::: DATA UNDER STUDY

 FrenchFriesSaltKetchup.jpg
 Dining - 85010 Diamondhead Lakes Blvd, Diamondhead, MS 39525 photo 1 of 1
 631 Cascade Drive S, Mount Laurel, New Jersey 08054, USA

::::::
::: DATA UNDER STUDY

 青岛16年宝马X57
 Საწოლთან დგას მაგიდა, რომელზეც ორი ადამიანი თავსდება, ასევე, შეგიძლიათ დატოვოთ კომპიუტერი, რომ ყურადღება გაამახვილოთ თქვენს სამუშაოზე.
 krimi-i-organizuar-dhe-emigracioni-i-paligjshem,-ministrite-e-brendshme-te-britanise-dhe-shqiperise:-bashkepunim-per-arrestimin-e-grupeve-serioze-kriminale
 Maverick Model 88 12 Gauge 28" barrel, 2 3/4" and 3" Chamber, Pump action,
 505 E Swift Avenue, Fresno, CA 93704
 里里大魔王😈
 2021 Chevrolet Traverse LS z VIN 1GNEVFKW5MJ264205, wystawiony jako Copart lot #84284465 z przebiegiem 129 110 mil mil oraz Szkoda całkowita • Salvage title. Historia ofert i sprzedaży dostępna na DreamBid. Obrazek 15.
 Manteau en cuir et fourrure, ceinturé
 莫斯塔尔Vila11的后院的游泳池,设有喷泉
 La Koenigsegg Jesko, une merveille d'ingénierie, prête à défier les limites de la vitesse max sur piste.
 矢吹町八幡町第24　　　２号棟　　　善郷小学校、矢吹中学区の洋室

::::::

- _EXERCISE DESCRIPTION_: Would you retype exactly the lines above, from the line with "FrenchFriesSaltKetchup.jpg" to the line with "631 Cascade Drive", with both end lines kept and nothing more?

- _ANSWER BOX_:
 FrenchFriesSaltKetchup.jpg
 Dining - 85010 Diamondhead Lakes Blvd, Diamondhead, MS 39525 photo 1 of 1
 631 Cascade Drive S, Mount Laurel, New Jersey 08054, USA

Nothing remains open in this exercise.